Differences between Freja and Bi

The Freja cluster is the replacement for Bi. This page outlines the key differences between Freja and Bi. It also documents some of the experiences from the pilot testing phase. If you have been using Bi before, the information here might help you in migrating your jobs to Freja.

Hardware differences

Freja has 64 cores per compute node, four time the amount of Bi. There is also only 78 compute nodes in Freja, compared to the 641 nodes Bi had during the later half of it’s lifetime. If you have a working job configuration for Bi, you should make sure you take this into account by scheduling your smaller jobs on an appropriate number of cores instead of whole nodes.

Freja does not have hyper-threading, so there are no virtual cores. Bi did have hyper-threads that was enabled with --ntasks-per-core=2. That option should NOT be used on Freja.
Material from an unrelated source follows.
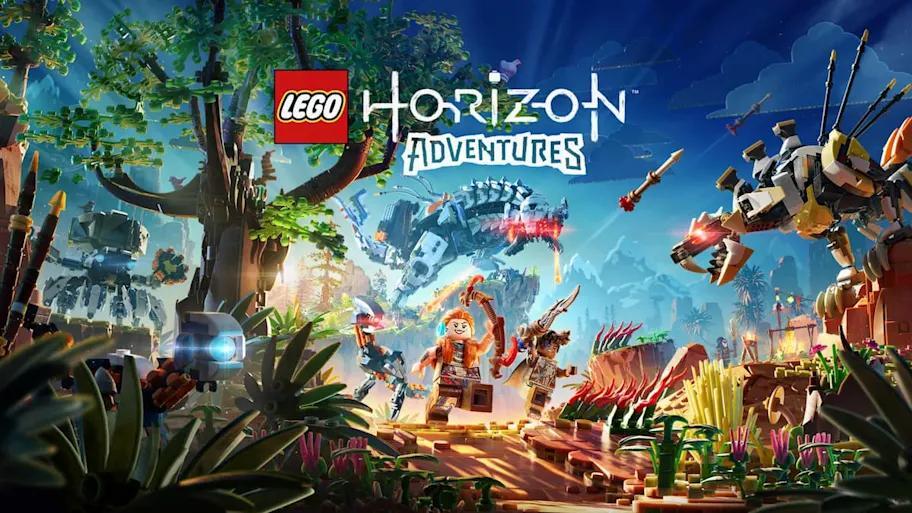 PlayStation Exclusives: End of an Era?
Operating System differences

Freja is using Rocky Linux 9 (equivalent of RHEL9), vs Bi with CentOS 7 (equivalent of RHEL7). Those were released eight years apart, and there are more changes than can easily be enumerated, but it should feel very similar on the surface.

Software/configuration differences

Node sharing is available, so you can run more than one job on a node. Considering the amount of cores available you should do that more often than not. See Scheduling policy on Freja.

You cannot use normal ssh NODENAME to login to a node where you are running a job. Use jobsh -j JOBID NODENAME instead.

For you as a user, the compiler environment should be very similar to Bi. But Freja is running a much newer operating system, so available software will differ somewhat and you should recompile your own.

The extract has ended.